SOURCE MATERIAL:
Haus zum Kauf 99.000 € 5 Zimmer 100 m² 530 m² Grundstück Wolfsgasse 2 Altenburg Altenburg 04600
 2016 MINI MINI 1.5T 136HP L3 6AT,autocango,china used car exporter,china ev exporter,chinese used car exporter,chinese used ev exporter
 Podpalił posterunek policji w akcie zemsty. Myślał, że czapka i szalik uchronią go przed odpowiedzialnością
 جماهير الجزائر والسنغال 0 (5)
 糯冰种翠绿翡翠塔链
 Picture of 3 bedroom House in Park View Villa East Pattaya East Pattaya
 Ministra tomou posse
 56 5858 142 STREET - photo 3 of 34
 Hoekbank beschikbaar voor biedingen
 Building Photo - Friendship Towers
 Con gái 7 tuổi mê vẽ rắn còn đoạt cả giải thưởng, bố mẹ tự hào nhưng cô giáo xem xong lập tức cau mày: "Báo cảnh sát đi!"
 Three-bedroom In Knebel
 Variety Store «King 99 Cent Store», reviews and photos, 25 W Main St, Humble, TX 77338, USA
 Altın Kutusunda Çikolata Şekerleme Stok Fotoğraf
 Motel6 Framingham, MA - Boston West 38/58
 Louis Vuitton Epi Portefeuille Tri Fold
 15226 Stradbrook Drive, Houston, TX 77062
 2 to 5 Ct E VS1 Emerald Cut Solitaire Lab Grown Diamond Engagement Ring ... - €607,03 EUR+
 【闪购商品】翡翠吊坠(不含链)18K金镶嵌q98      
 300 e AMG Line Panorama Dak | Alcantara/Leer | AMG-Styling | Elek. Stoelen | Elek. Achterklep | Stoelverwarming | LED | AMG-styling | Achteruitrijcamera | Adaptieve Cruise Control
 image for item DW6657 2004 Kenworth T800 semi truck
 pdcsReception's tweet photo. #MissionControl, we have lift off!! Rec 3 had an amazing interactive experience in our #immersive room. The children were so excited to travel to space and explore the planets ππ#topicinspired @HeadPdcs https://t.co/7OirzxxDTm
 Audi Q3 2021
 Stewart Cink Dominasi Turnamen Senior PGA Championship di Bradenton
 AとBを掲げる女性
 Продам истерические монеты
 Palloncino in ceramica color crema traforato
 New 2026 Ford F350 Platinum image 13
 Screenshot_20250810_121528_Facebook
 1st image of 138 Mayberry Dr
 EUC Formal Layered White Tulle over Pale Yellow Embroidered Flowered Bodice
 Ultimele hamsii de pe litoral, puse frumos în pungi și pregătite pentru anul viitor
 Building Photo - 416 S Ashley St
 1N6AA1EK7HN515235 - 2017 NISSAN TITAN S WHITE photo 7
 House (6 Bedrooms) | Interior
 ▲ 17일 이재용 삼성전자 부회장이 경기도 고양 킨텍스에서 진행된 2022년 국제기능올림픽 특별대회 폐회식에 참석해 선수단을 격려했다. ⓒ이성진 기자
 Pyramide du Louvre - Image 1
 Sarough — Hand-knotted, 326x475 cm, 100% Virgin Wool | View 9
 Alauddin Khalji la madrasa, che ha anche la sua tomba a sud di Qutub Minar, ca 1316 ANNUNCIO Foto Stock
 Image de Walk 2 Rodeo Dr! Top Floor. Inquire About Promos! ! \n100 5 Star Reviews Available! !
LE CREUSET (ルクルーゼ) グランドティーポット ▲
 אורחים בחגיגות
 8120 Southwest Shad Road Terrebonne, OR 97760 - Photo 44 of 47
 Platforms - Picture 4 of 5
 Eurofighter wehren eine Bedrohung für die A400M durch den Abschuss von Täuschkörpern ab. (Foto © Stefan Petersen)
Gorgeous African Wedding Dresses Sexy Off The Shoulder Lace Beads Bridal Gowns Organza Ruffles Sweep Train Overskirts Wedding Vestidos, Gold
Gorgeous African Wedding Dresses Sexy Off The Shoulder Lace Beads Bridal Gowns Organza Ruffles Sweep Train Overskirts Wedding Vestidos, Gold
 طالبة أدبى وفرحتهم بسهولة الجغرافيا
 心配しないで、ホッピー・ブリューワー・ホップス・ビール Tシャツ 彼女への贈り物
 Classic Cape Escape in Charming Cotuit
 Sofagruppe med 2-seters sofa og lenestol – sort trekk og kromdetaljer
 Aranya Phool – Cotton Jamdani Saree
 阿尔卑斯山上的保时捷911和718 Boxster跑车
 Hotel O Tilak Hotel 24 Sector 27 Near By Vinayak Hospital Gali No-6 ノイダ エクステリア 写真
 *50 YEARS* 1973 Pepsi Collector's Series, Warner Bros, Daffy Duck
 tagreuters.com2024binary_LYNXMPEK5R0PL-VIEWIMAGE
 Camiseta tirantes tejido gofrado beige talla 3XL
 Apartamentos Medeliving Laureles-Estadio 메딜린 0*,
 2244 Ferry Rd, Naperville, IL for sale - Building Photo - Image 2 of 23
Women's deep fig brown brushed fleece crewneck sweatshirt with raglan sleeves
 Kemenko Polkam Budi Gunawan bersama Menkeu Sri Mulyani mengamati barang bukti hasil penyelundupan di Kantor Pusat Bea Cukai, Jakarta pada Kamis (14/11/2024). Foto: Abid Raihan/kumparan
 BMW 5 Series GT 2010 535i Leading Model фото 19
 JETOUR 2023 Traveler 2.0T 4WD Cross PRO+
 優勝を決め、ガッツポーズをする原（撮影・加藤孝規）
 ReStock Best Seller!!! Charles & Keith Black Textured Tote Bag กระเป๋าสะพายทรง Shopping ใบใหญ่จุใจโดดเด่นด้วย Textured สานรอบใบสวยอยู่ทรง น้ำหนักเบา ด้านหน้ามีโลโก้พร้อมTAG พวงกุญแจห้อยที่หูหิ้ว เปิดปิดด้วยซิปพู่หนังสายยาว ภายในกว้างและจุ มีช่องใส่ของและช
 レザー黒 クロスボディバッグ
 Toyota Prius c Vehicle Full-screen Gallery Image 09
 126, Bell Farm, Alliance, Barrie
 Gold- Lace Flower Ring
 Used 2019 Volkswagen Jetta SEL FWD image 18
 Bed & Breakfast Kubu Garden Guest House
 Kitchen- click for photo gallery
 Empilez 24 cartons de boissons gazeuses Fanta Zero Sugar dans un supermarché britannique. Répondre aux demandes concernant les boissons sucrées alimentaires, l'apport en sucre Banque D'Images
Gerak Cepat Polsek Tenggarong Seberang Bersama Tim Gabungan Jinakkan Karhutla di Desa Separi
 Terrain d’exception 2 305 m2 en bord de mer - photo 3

PROBLEM TO WORK ON: Reproduce every record word for word.

WRITTEN ANSWER:
Haus zum Kauf 99.000 € 5 Zimmer 100 m² 530 m² Grundstück Wolfsgasse 2 Altenburg Altenburg 04600
 2016 MINI MINI 1.5T 136HP L3 6AT,autocango,china used car exporter,china ev exporter,chinese used car exporter,chinese used ev exporter
 Podpalił posterunek policji w akcie zemsty. Myślał, że czapka i szalik uchronią go przed odpowiedzialnością
 جماهير الجزائر والسنغال 0 (5)
 糯冰种翠绿翡翠塔链
 Picture of 3 bedroom House in Park View Villa East Pattaya East Pattaya
 Ministra tomou posse
 56 5858 142 STREET - photo 3 of 34
 Hoekbank beschikbaar voor biedingen
 Building Photo - Friendship Towers
 Con gái 7 tuổi mê vẽ rắn còn đoạt cả giải thưởng, bố mẹ tự hào nhưng cô giáo xem xong lập tức cau mày: "Báo cảnh sát đi!"
 Three-bedroom In Knebel
 Variety Store «King 99 Cent Store», reviews and photos, 25 W Main St, Humble, TX 77338, USA
 Altın Kutusunda Çikolata Şekerleme Stok Fotoğraf
 Motel6 Framingham, MA - Boston West 38/58
 Louis Vuitton Epi Portefeuille Tri Fold
 15226 Stradbrook Drive, Houston, TX 77062
 2 to 5 Ct E VS1 Emerald Cut Solitaire Lab Grown Diamond Engagement Ring ... - €607,03 EUR+
 【闪购商品】翡翠吊坠(不含链)18K金镶嵌q98      
 300 e AMG Line Panorama Dak | Alcantara/Leer | AMG-Styling | Elek. Stoelen | Elek. Achterklep | Stoelverwarming | LED | AMG-styling | Achteruitrijcamera | Adaptieve Cruise Control
 image for item DW6657 2004 Kenworth T800 semi truck
 pdcsReception's tweet photo. #MissionControl, we have lift off!! Rec 3 had an amazing interactive experience in our #immersive room. The children were so excited to travel to space and explore the planets ππ#topicinspired @HeadPdcs https://t.co/7OirzxxDTm
 Audi Q3 2021
 Stewart Cink Dominasi Turnamen Senior PGA Championship di Bradenton
 AとBを掲げる女性
 Продам истерические монеты
 Palloncino in ceramica color crema traforato
 New 2026 Ford F350 Platinum image 13
 Screenshot_20250810_121528_Facebook
 1st image of 138 Mayberry Dr
 EUC Formal Layered White Tulle over Pale Yellow Embroidered Flowered Bodice
 Ultimele hamsii de pe litoral, puse frumos în pungi și pregătite pentru anul viitor
 Building Photo - 416 S Ashley St
 1N6AA1EK7HN515235 - 2017 NISSAN TITAN S WHITE photo 7
 House (6 Bedrooms) | Interior
 ▲ 17일 이재용 삼성전자 부회장이 경기도 고양 킨텍스에서 진행된 2022년 국제기능올림픽 특별대회 폐회식에 참석해 선수단을 격려했다. ⓒ이성진 기자
 Pyramide du Louvre - Image 1
 Sarough — Hand-knotted, 326x475 cm, 100% Virgin Wool | View 9
 Alauddin Khalji la madrasa, che ha anche la sua tomba a sud di Qutub Minar, ca 1316 ANNUNCIO Foto Stock
 Image de Walk 2 Rodeo Dr! Top Floor. Inquire About Promos! ! \n100 5 Star Reviews Available! !
LE CREUSET (ルクルーゼ) グランドティーポット ▲
 אורחים בחגיגות
 8120 Southwest Shad Road Terrebonne, OR 97760 - Photo 44 of 47
 Platforms - Picture 4 of 5
 Eurofighter wehren eine Bedrohung für die A400M durch den Abschuss von Täuschkörpern ab. (Foto © Stefan Petersen)
Gorgeous African Wedding Dresses Sexy Off The Shoulder Lace Beads Bridal Gowns Organza Ruffles Sweep Train Overskirts Wedding Vestidos, Gold
Gorgeous African Wedding Dresses Sexy Off The Shoulder Lace Beads Bridal Gowns Organza Ruffles Sweep Train Overskirts Wedding Vestidos, Gold
 طالبة أدبى وفرحتهم بسهولة الجغرافيا
 心配しないで、ホッピー・ブリューワー・ホップス・ビール Tシャツ 彼女への贈り物
 Classic Cape Escape in Charming Cotuit
 Sofagruppe med 2-seters sofa og lenestol – sort trekk og kromdetaljer
 Aranya Phool – Cotton Jamdani Saree
 阿尔卑斯山上的保时捷911和718 Boxster跑车
 Hotel O Tilak Hotel 24 Sector 27 Near By Vinayak Hospital Gali No-6 ノイダ エクステリア 写真
 *50 YEARS* 1973 Pepsi Collector's Series, Warner Bros, Daffy Duck
 tagreuters.com2024binary_LYNXMPEK5R0PL-VIEWIMAGE
 Camiseta tirantes tejido gofrado beige talla 3XL
 Apartamentos Medeliving Laureles-Estadio 메딜린 0*,
 2244 Ferry Rd, Naperville, IL for sale - Building Photo - Image 2 of 23
Women's deep fig brown brushed fleece crewneck sweatshirt with raglan sleeves
 Kemenko Polkam Budi Gunawan bersama Menkeu Sri Mulyani mengamati barang bukti hasil penyelundupan di Kantor Pusat Bea Cukai, Jakarta pada Kamis (14/11/2024). Foto: Abid Raihan/kumparan
 BMW 5 Series GT 2010 535i Leading Model фото 19
 JETOUR 2023 Traveler 2.0T 4WD Cross PRO+
 優勝を決め、ガッツポーズをする原（撮影・加藤孝規）
 ReStock Best Seller!!! Charles & Keith Black Textured Tote Bag กระเป๋าสะพายทรง Shopping ใบใหญ่จุใจโดดเด่นด้วย Textured สานรอบใบสวยอยู่ทรง น้ำหนักเบา ด้านหน้ามีโลโก้พร้อมTAG พวงกุญแจห้อยที่หูหิ้ว เปิดปิดด้วยซิปพู่หนังสายยาว ภายในกว้างและจุ มีช่องใส่ของและช
 レザー黒 クロスボディバッグ
 Toyota Prius c Vehicle Full-screen Gallery Image 09
 126, Bell Farm, Alliance, Barrie
 Gold- Lace Flower Ring
 Used 2019 Volkswagen Jetta SEL FWD image 18
 Bed & Breakfast Kubu Garden Guest House
 Kitchen- click for photo gallery
 Empilez 24 cartons de boissons gazeuses Fanta Zero Sugar dans un supermarché britannique. Répondre aux demandes concernant les boissons sucrées alimentaires, l'apport en sucre Banque D'Images
Gerak Cepat Polsek Tenggarong Seberang Bersama Tim Gabungan Jinakkan Karhutla di Desa Separi
 Terrain d’exception 2 305 m2 en bord de mer - photo 3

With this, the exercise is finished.